Hormel has numerous products that have shown enormous growth in recent months against the same period last year. We see this as a temporary tailwind, but one with the possibility for Hormel to gain incremental customers for the long term. This sort of revenue growth means new consumers are trying Hormel products, and some of that growth is almost certain to stick around into 2021 and beyond.

In addition, Hormel has been very busy remaking its portfolio through acquisitions and divestitures in recent years. We therefore see top line growth as the primary driver of earnings expansion in the years to come, as margin growth has been tough to come by for Hormel. Still, with pandemic-related demand increases and acquisitions, we believe Hormel can hit 6% annual earnings-per-share growth.

Hormel reported third quarter earnings on August 25th, and results came in as expected on both revenue and profits.

Source: Investor presentation

Volumes rose in Q3 by 4%, as organic volume rose 3%, and the balance came from acquisitions. Organic revenue was up only 2%, however, as average pricing declined slightly.

Grocery Products revenue was up 7%, while Refrigerated Foods was up 5%, hitting $1.36 billion. Jennie-O reported another revenue decline, this time coming in at 4%. International revenue was up 2%, but at just $151 million of total revenue, the gain was too small to move the consolidated top line. Retail and food service revenue offset each other as retail was up, but food service was down.

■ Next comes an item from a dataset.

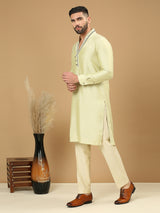Sage Green Lachi Detail Kurta Set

Operating margins fell 70 basis points year-over-year, coming in at 10.5% of revenue. Earnings-per-share came to $0.37 on a diluted basis, flat to the same period a year ago. We maintain our estimate of $1.65 in earnings-per-share for 2020.

Competitive Advantages & Recession Performance

Hormel’s competitive advantage is its 40+ products that are #1 or #2 in terms of market share in their respective categories. Hormel competes very well in categories with stable demand and repeat purchases, as it only sells consumables. Its distribution network that gets products to 80 countries means Hormel’s revenue stream is very well diversified.

Hormel’s recession record is fairly robust, having grown its earnings during and after the Great Recession:

  • 2007 earnings-per-share of $0.54
  • 2008 earnings-per-share of $0.52 (3.7% decrease)
  • 2009 earnings-per-share of $0.63 (21.1% increase)
  • 2010 earnings-per-share of $0.76 (20.6% increase)

Hormel saw a small decline during the initial downturn during the Great Recession, but posted huge earnings growth in 2009 and 2010. We expect the pandemic-driven recession to produce similar results, as Hormel is reaping the benefit of pantry-stocking around the world.

Hormel remains a good choice for investors seeking defensive stocks for their dividend portfolio.

Valuation & Expected Returns

We expect essentially no total returns from Hormel in the coming years, not because of any fundamental weakness, but instead because the stock is quite overvalued at present. Shares trade for 30.7 times this year’s earnings estimate of $1.65, which is 146% of our fair value estimate, which is 21 times earnings.

Hormel’s valuation has soared during 2020, and we believe it needs to revert back to something closer to its normal historical range. The impact of valuation changes is expected to produce an annual headwind of 7.3% to total returns, nearly entirely offsetting projected 6% earnings growth and the 1.8% dividend yield.

Final Thoughts

Hormel’s track record of earnings stability and dividend growth are difficult to match. The company has proven it can survive and thrive in a variety of conditions, including perhaps the most challenging conditions the economy has ever faced with the ongoing pandemic. However, shares have been bid up to the point where we believe they are quite overvalued.

Given this, and despite the company’s 54-year dividend increase streak, Hormel stock is overvalued. With just 0.4% projected total annual returns in the next five years, we rate the stock a sell. Investors should wait for a significantly lower share price before buying Hormel stock.